**Given data:**
-------------------------

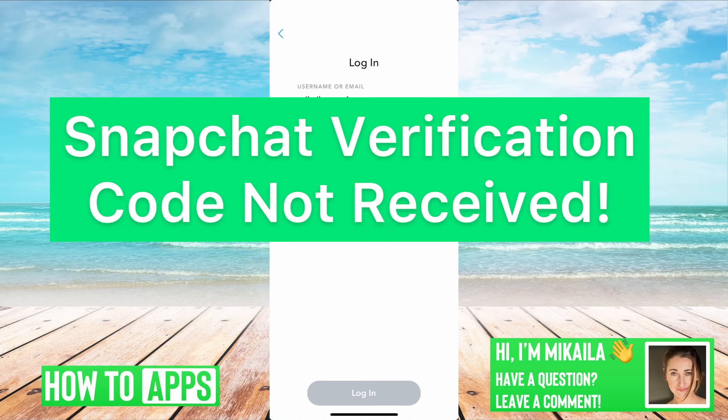Hey guys, it's Michaela and today I'm going to walk you through Snapchat verification code not received. It's pretty quick and simple, so let's jump in.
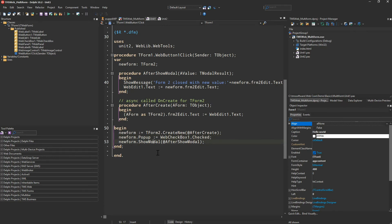Finally, we display the second form using show model and we supply yet another method that allows us to control what is supposed to happen when that form is closed. Here we simply show a message to the user that the form has been closed and we also display the edit value.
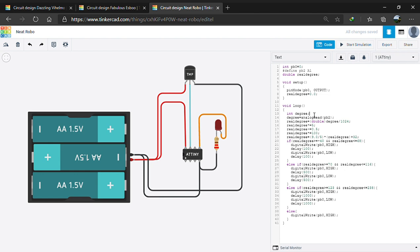In void loop, we are taking a variable degree. This degree takes the analog voltage value from PB2 or the A1 pin.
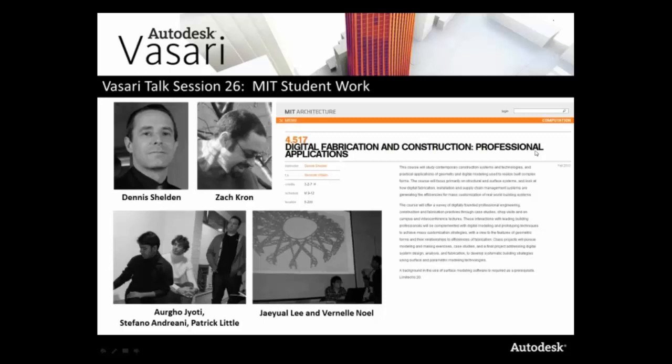Today we're going to discuss their work in Zach and Dennis Sheldon's class, Digital Fabrication and Construction. The students will present their case studies of Gensler's Shanghai Tower and Herzog & de Meuron's Beijing National Stadium. They'll explain how they built parametric study models using Vasari and then how they leveraged those models for additional analysis. As always, we welcome your questions — please enter them in the GoToWebinar question box. We'll be offering one AIA learning unit for today's class, so please stick around until the end for a brief survey and to enter your AIA number. We'll be recording today's session and posting it on our VasariTalk wiki very soon.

-------------------------

**Assigned task:** Each line from the start of the listing above through the line with "In void loop, we" is what to output, exactly as written and without pictures.

**Problem solution:**
Hey guys, it's Michaela and today I'm going to walk you through Snapchat verification code not received. It's pretty quick and simple, so let's jump in.
Finally, we display the second form using show model and we supply yet another method that allows us to control what is supposed to happen when that form is closed. Here we simply show a message to the user that the form has been closed and we also display the edit value.
In void loop, we are taking a variable degree. This degree takes the analog voltage value from PB2 or the A1 pin.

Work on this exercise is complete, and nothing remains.